HM Revenue & Customs has announced on Wednesday a series of measures to ensure public sector scheme members will not have to pay extra tax if they receive an uplift in their benefits due to the McCloud remedy.
The new measures, announced in the Autumn Budget 2021, specify that there will be an tax charge exemption “on the compensation an individual may receive if, following the remedy, they are owed money”.
As reported by Pensions Expert in February, the government proposed solution for the discrimination case is that members are offered either an immediate choice or a deferred choice underpin, as to whether they remain in their current scheme or move back to the legacy scheme as it was pre-2015.
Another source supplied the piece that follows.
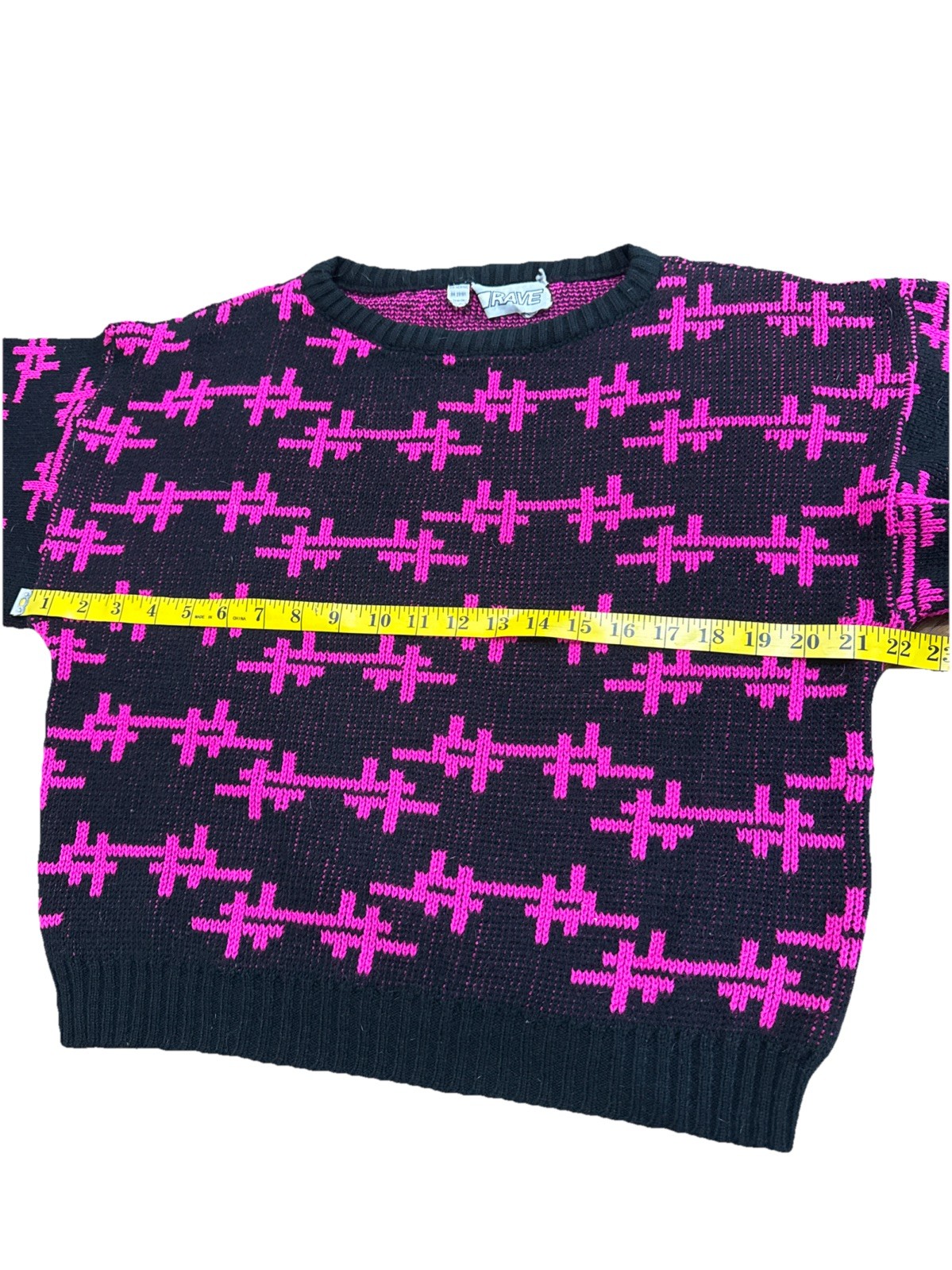 Rave Brand Vintage 80s Graphic Sweater Pink Black Retro Neon Geometric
Due to this, HMRC has revealed that individuals will be allowed to “protect their pension rights from lifetime allowance charges calculated on the higher of the two pension choices available to them.”
Members will also have an additional annual allowance available to them, so that an individual will not pay an extra charge than they would have done “if they had accrued their chosen benefits in the relevant tax years,” it noted.
An on the cases where a scheme has paid lifetime allowance or annual allowance charges on behalf of the individual, but that accrual is now under a different scheme, the payment will be deemed to have been paid by the latter.
Finally, the new measures will endure that payments of pensions and lump sums that would have been authorised payments had they been made at the relevant time, are treated as meeting the conditions to be authorised.
Due to its retrospective nature, the measures will need secondary legislation, which will be provided under the Public Service Pensions and Judicial Offices Bill, HMRC stated.
The measures will apply to all members affected by the 2015 age discrimination in public service pension schemes and will come into effect from April 6 2022.
The McCloud court case relates to a dispute started in March 2015, when the DB pension schemes for judges and firefighters were closed, and the members transferred into a replacement scheme.
Transitional provisions were put in place, which allowed older judges and firefighters to remain members of the old schemes, either until retirement or until the end of a period of tapered protection, dependent on their age.
But in a ruling handed out in December 2018, the Court of Appeal said that the government discriminated against the two groups on the grounds of age, race and equal pay in relation to changes to their pensions.
In January 2019, the government confirmed the ruling will apply to all public sector schemes, with an initial estimate that remedying the discrimination will add about £4bn a year in liabilities across the board.